What needs to be done -
For the material below, the expected output is exactly the lines between the line holding "Michael Jordan Got" and the line holding "14Kt White Gold Diamond 1/4Ctw Earring", inclusive, with pictures left out.

Extracted entries -
★ ★ ★ ★ ★ ★ ★
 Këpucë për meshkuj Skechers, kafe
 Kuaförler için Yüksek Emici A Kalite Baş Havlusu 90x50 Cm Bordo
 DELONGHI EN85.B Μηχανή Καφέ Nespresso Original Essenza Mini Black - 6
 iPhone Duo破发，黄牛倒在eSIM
★ ★ ★ ★ ★ ★ ★
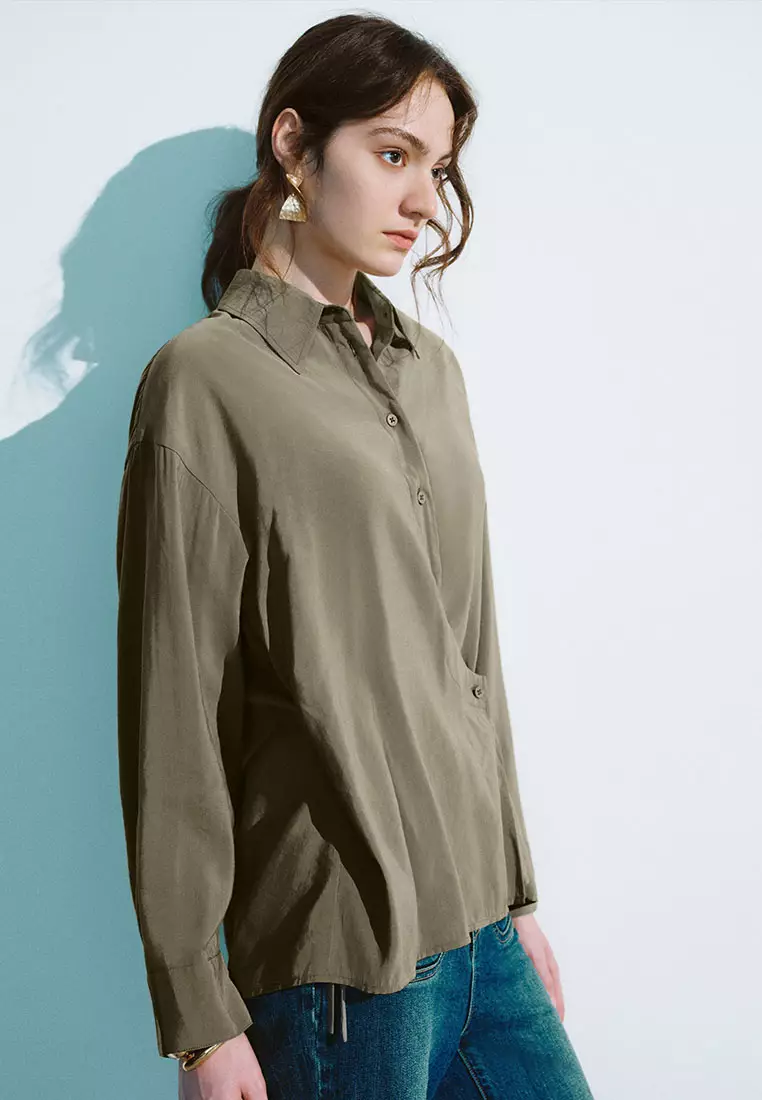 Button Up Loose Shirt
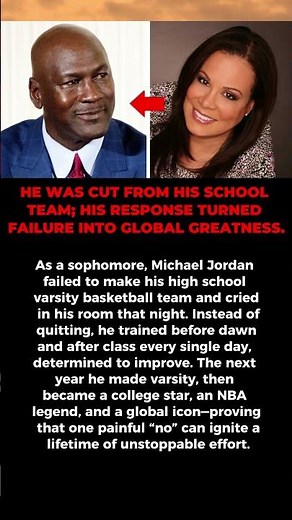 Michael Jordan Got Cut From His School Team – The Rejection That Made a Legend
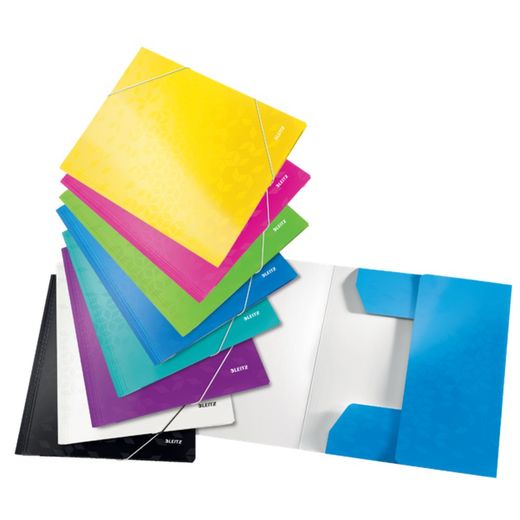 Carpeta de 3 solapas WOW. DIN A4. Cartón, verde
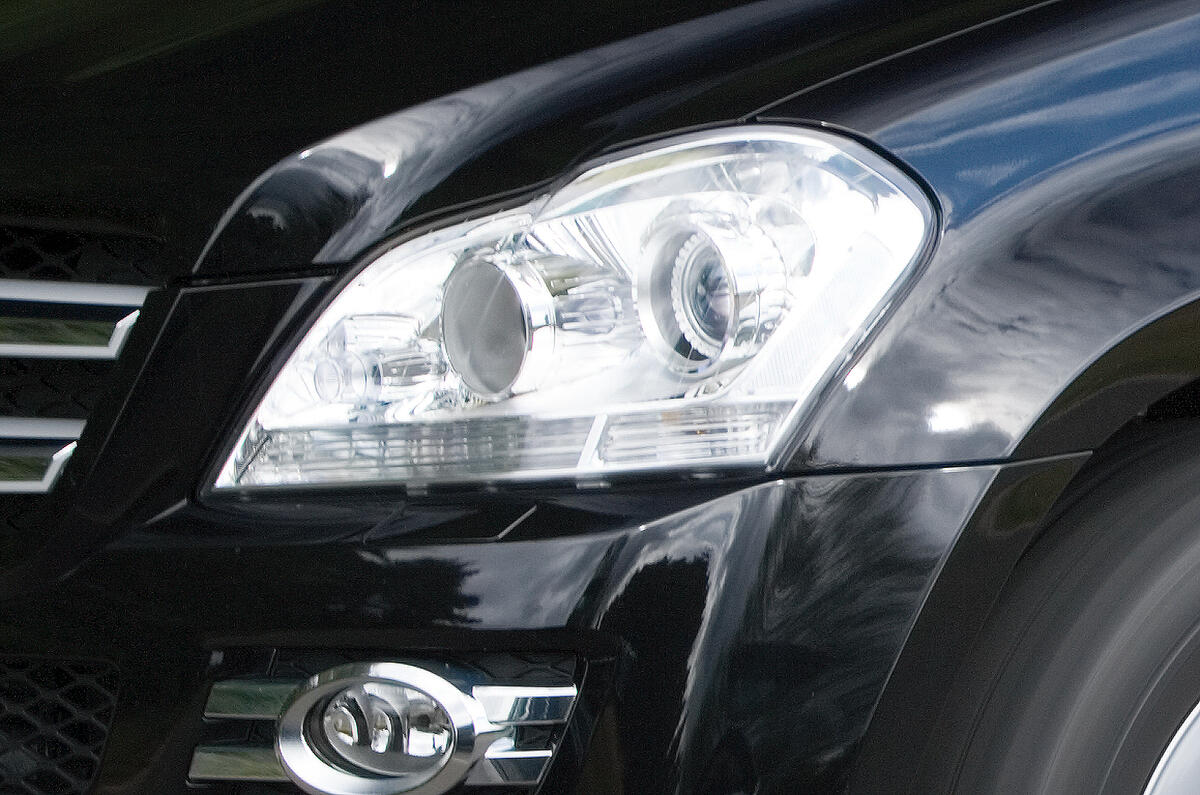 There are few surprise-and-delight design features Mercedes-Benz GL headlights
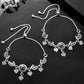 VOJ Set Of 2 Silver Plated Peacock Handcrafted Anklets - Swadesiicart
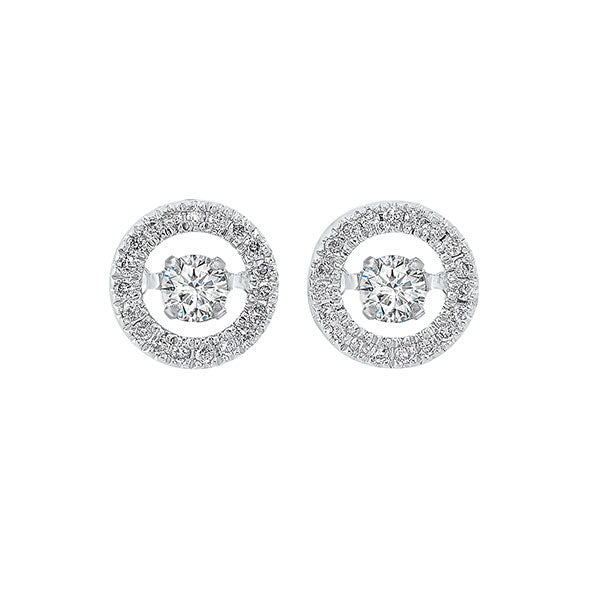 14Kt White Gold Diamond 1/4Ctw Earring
★ ★ ★ ★ ★ ★ ★
Output of the exercise -
 Michael Jordan Got Cut From His School Team – The Rejection That Made a Legend
 Carpeta de 3 solapas WOW. DIN A4. Cartón, verde
 There are few surprise-and-delight design features Mercedes-Benz GL headlights
 VOJ Set Of 2 Silver Plated Peacock Handcrafted Anklets - Swadesiicart
 14Kt White Gold Diamond 1/4Ctw Earring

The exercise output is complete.